In addition to these two kinds of tests, there are also different levels of tests which test different aspects of a project. These levels are outlined below and both positive and negative tests can be present at any of these levels. A thorough test suite will contain tests at all of these levels (though some levels will need very few).

However, before we will check out the different test options, we have to talk about one aspect that is central to all: assert.

Assert - a test’s best friend#

In order to check and evaluate if a certain piece of code is doing what it is supposed to do, in a reliable manner, we need a way of asserting what the “correct output” should be and testing the outcome we get against it.

In Python, assert is a statement used to test whether a condition is true. If the condition is true, the program continues to execute as normal. If the condition is false, the program raises an AssertionError exception and optionally can display an accompanying message. The primary use of assert is for debugging and testing purposes, where it helps to catch errors early by ensuring that certain conditions hold at specific points in the code.

Syntax#

The basic syntax of an assert statement is:

assert condition, "Optional error message"
  • condition: This is the expression to be tested. If the condition evaluates to True, nothing happens, and the program continues to execute. If it evaluates to False, an AssertionError is raised.

  • "Optional error message": This is the message that is shown when the condition is false. This message is optional, but it’s helpful for understanding why the assertion failed.

Usage in Testing#

In the context of testing, assert statements are used to verify that a function or a piece of code behaves as expected. They are a simple yet powerful tool for writing test cases, where you check the outcomes of various functions under different inputs.
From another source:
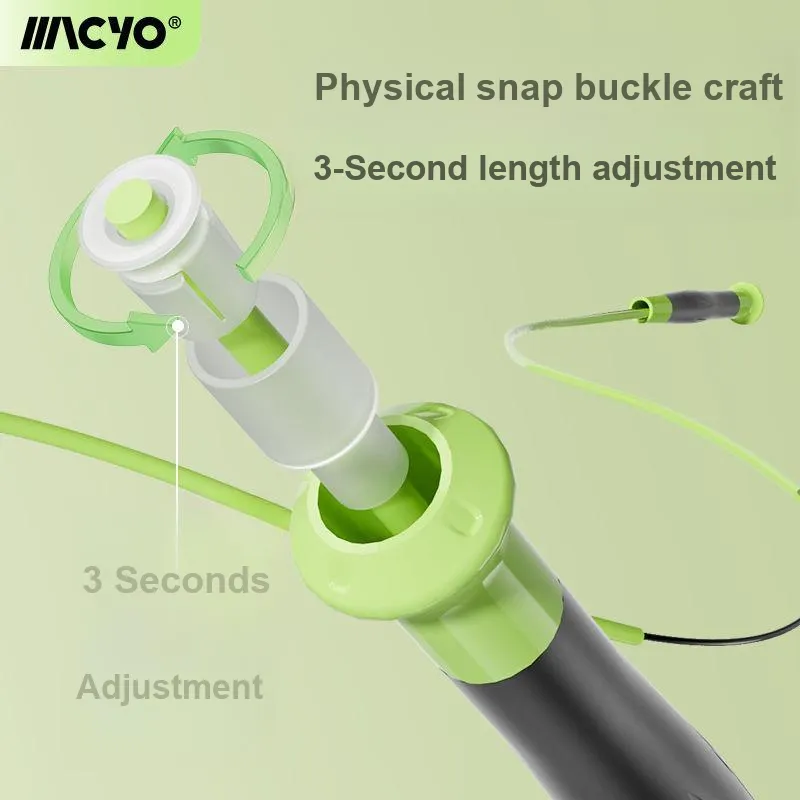 MACYO Fitness Training Non Countable Jump Ropes Students PVC Rubberized Cord PP+Silicone Controller-1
Here’s how you might use assert in a test:

  • Checking Function Outputs: To verify that a function returns the expected value.

  • Validating Data Types: To ensure that variables or return values are of the correct type.

  • Testing Invariants: To check conditions that should always be true in a given context.

  • Comparing Data Structures: To ensure that lists, dictionaries, sets, etc., contain the expected elements.

A simple example#

Here’s a simple example demonstrating how assert might be used in a test case:

def add(a, b):
    return a + b

# Test case for the add function
def test_add():
    result = add(2, 3)
    assert result == 5, "Expected add(2, 3) to be 5"

test_add()  # This will pass silently since 2 + 3 is indeed 5

If add(2, 3) did not return 5, the assert statement would raise an AssertionError with the message "Expected add(2, 3) to be 5".

Best Practices#

  • Use for Testing: Leverage assert primarily in testing frameworks or during the debugging phase, not as a mechanism for handling runtime errors in production code.

  • Clear Messages: Include clear, descriptive messages with assert statements to make it easier to identify the cause of a test failure.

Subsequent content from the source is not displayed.